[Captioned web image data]
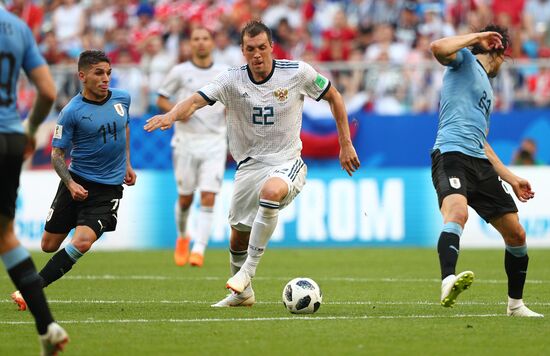 Russia World Cup Uruguay - Russia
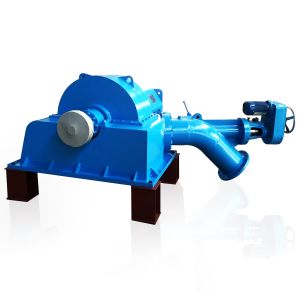 Buy cheap Turgo Turbine Generator with 15 to 300 Meters Operating Head Range and 5 in 1 Integrated Control Panel for Up to Several MW Power Output from wholesalers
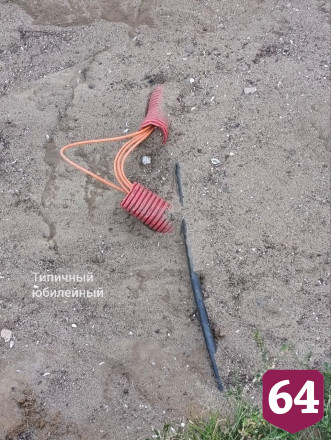 Жителей Саратова напугал кабель, появившийся из-под земли в парке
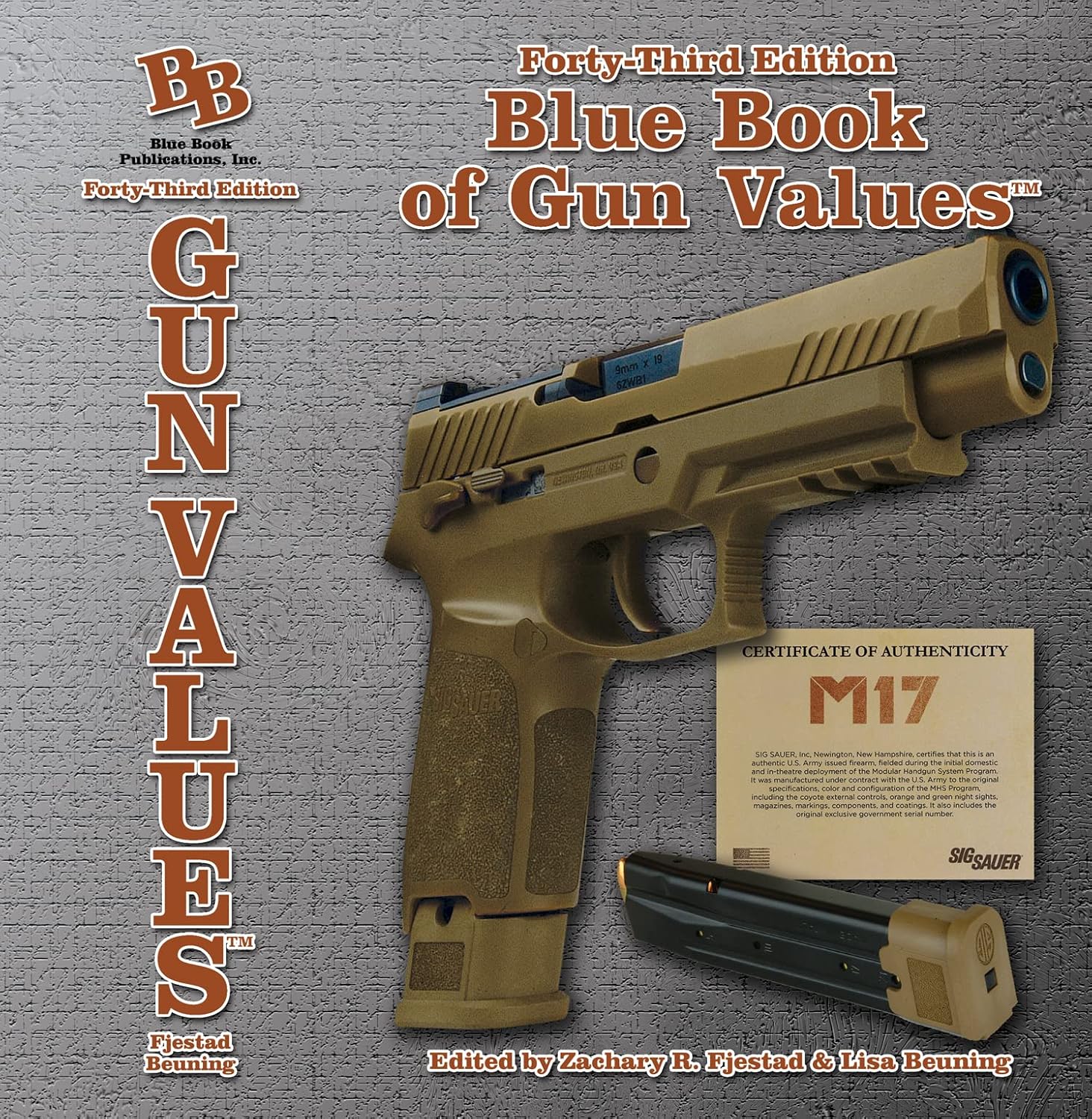 43rd Edition Blue Book of Gun Values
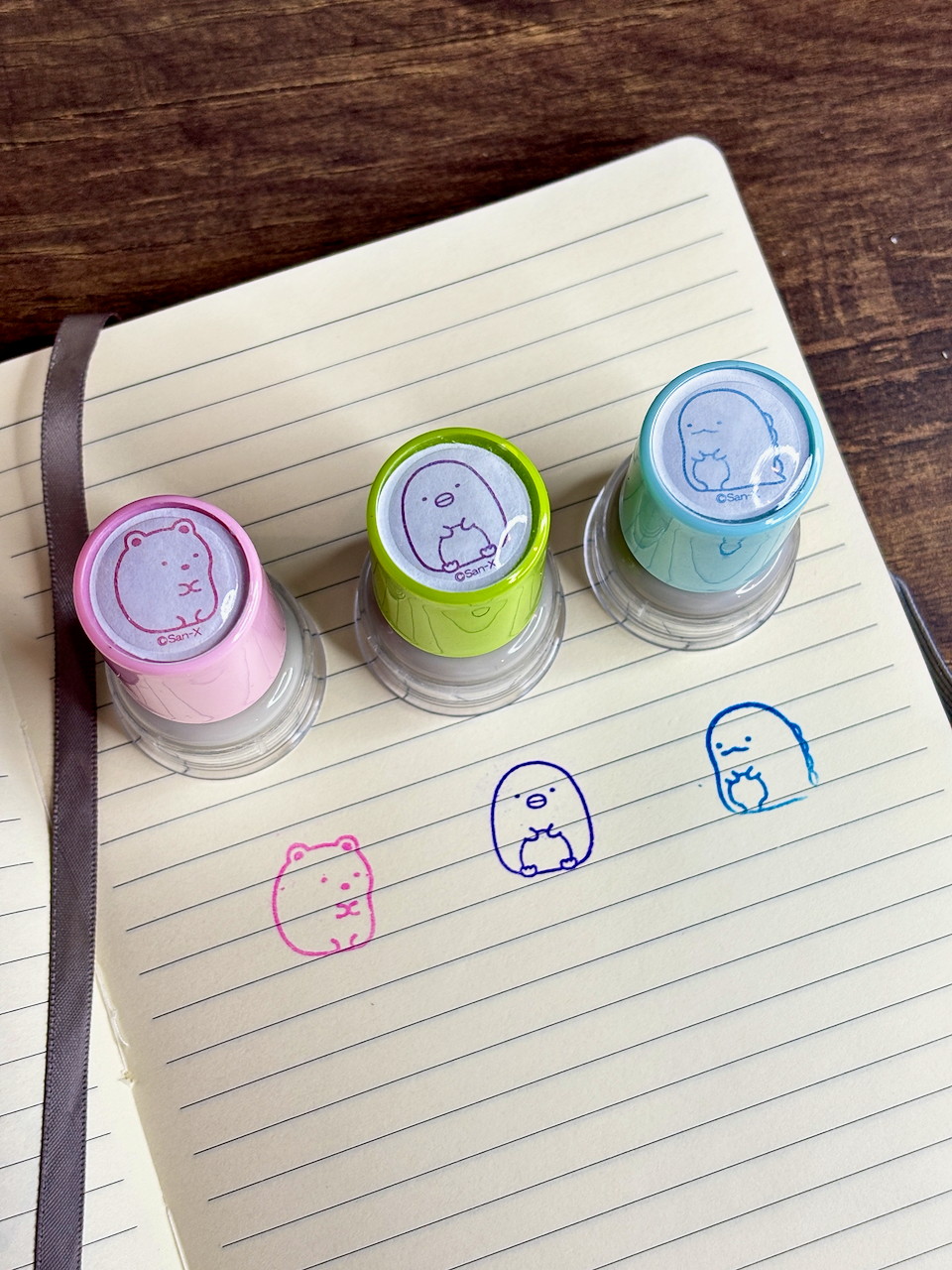 Sumikkogurashi: Basic Stamp Set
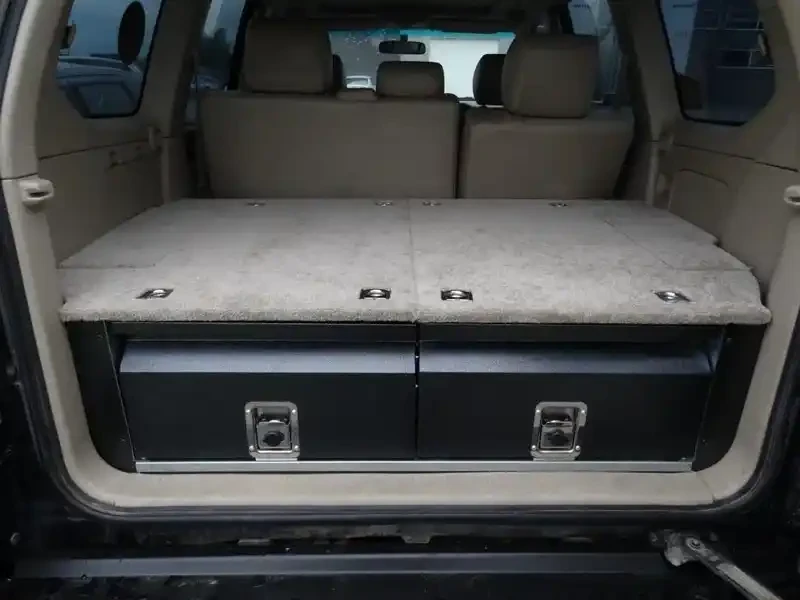 Buy Double Drawing box All Toyota Prado 02-09 Factory 4x4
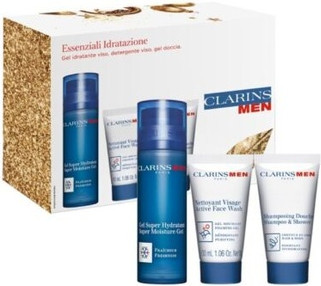 Facial Care Set Clarins ClarinsMen Essentials Hydration Kit
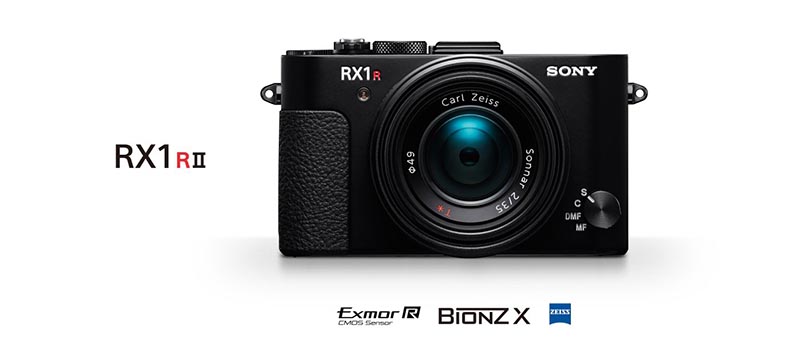 Sony RX1R II 1
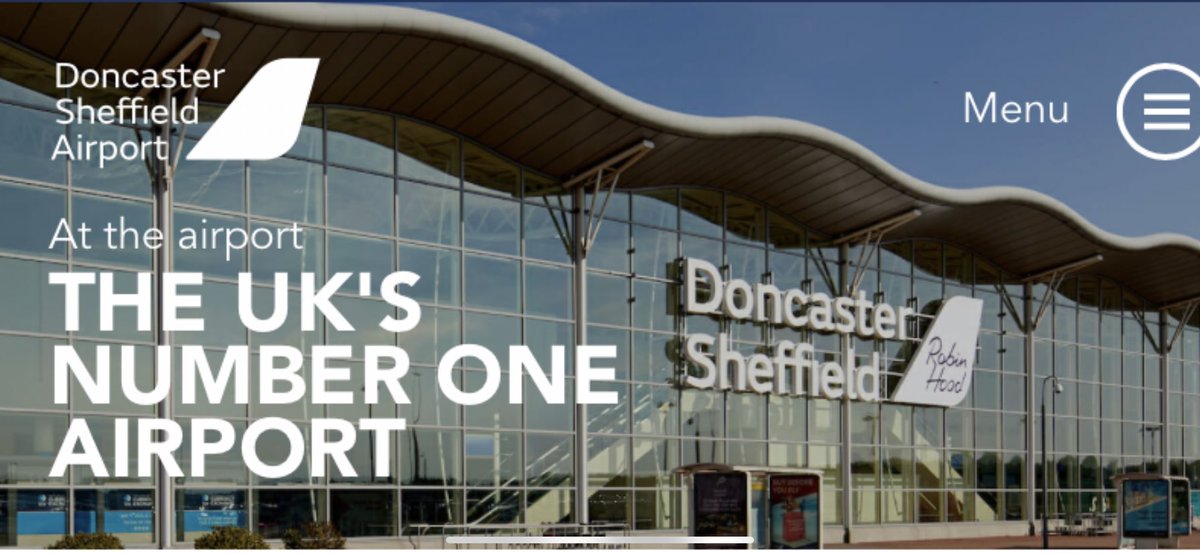 I’ve totally lost faith in our Government as they stand back &amp; watch a 4x award winning airport DSA get closed down. PeelLandP want to redevelop the land to warehousing 😡 It’s time you supported the North of England &amp; stopped this from happening, step up!! ✈️#saveDSA <a href="/RishiSunak/">Rishi Sunak</a>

> **Task objective**:
When you copy the data above, reproduce each line exactly and skip every image.

> **Your solution**:
 Russia World Cup Uruguay - Russia
 Buy cheap Turgo Turbine Generator with 15 to 300 Meters Operating Head Range and 5 in 1 Integrated Control Panel for Up to Several MW Power Output from wholesalers
 Жителей Саратова напугал кабель, появившийся из-под земли в парке
 43rd Edition Blue Book of Gun Values
 Sumikkogurashi: Basic Stamp Set
 Buy Double Drawing box All Toyota Prado 02-09 Factory 4x4
 Facial Care Set Clarins ClarinsMen Essentials Hydration Kit
 Sony RX1R II 1
 I’ve totally lost faith in our Government as they stand back &amp; watch a 4x award winning airport DSA get closed down. PeelLandP want to redevelop the land to warehousing 😡 It’s time you supported the North of England &amp; stopped this from happening, step up!! ✈️#saveDSA <a href="/RishiSunak/">Rishi Sunak</a>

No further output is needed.